**Assignment:** Omit all pictures. Print the remaining lines exactly, from the start of the data through the line containing "Elddis Avalon 295".

━━ Material for this task ━━

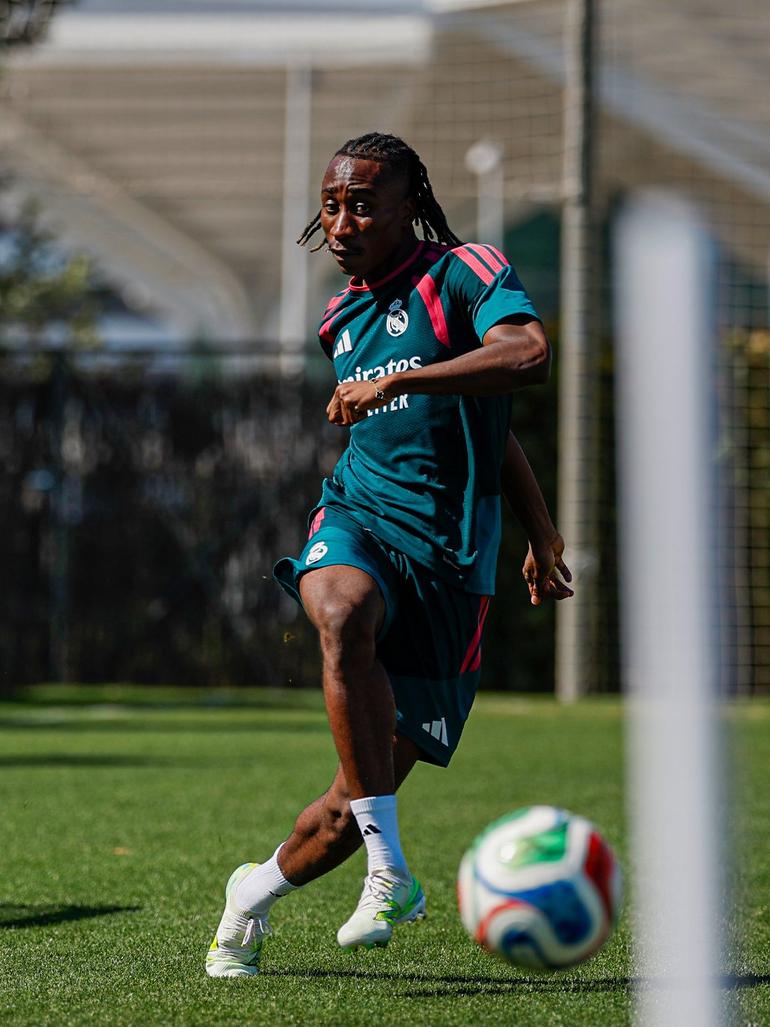 Côte d’Ivoire sensation Yan Diomandé hits the training pitch with José Mourinho as fans attack Florentino Pérez over a major tactical blunder.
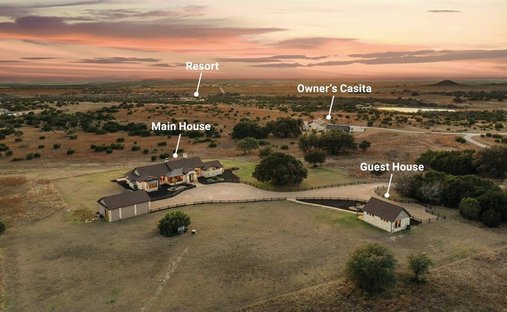 House in Glen Rose, Texas, United States 1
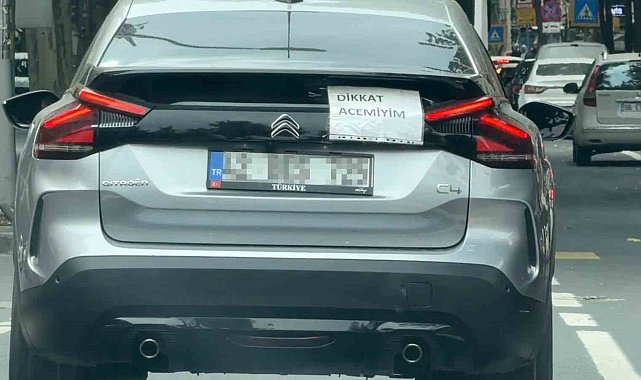 "Dikkat acemiyim" yazısını cama yapıştırıp trafiğe çıktı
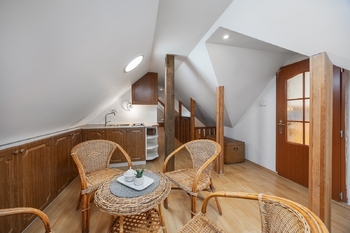Posezení s kuchyňským koutem v podkroví - Prodej chaty / chalupy 121 m², Petroupim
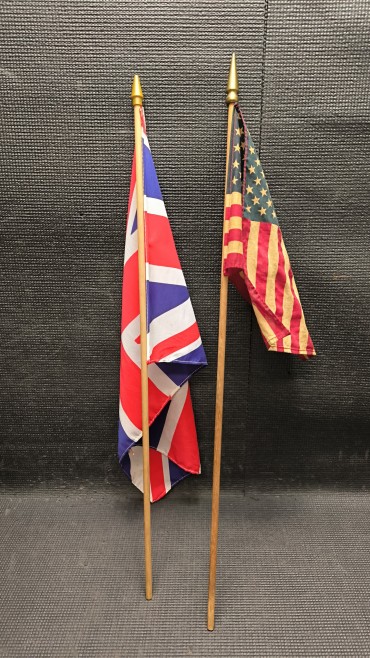 Duas bandeiras de estandarte miniatura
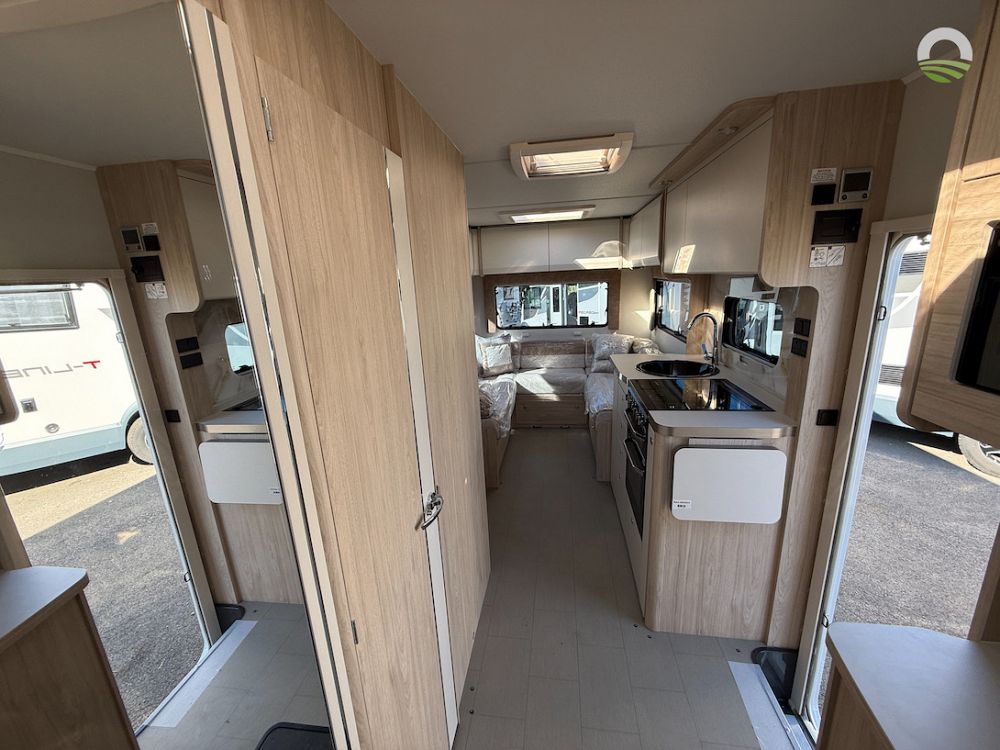 Elddis Avalon 295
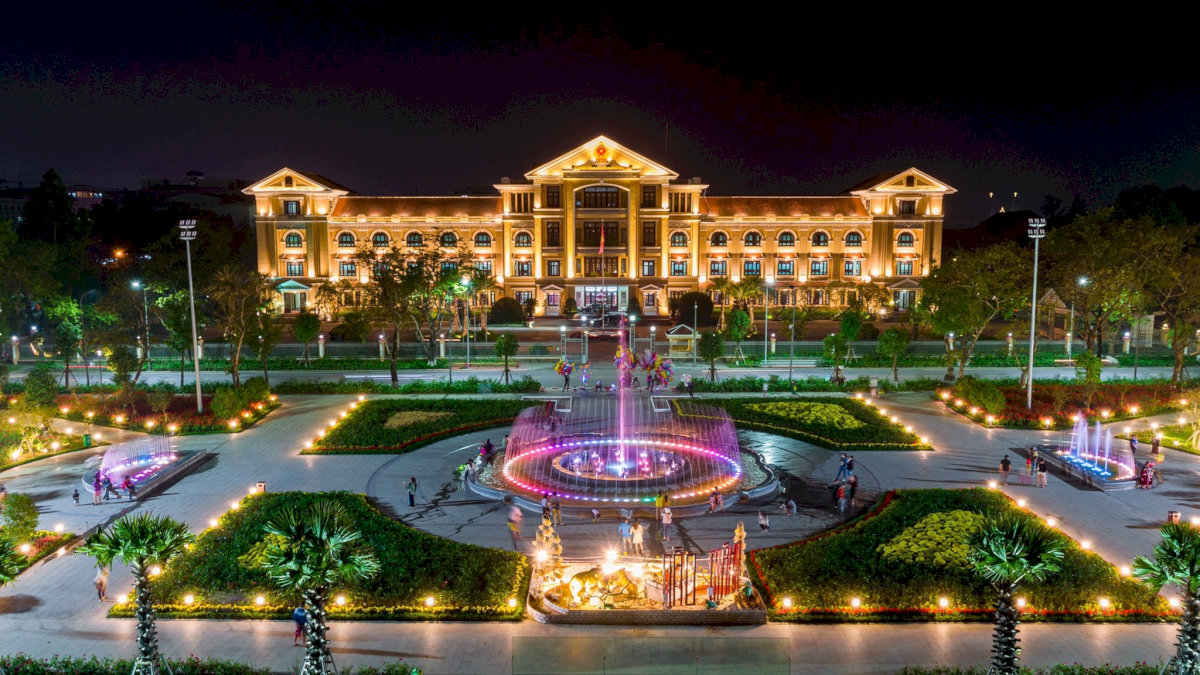 Trụ sở UBND Thành phố Huế tại số 16, đường Lê Lợi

━━━

**Expected answer:**
 Côte d’Ivoire sensation Yan Diomandé hits the training pitch with José Mourinho as fans attack Florentino Pérez over a major tactical blunder.
 House in Glen Rose, Texas, United States 1
 "Dikkat acemiyim" yazısını cama yapıştırıp trafiğe çıktı
Posezení s kuchyňským koutem v podkroví - Prodej chaty / chalupy 121 m², Petroupim
 Duas bandeiras de estandarte miniatura
 Elddis Avalon 295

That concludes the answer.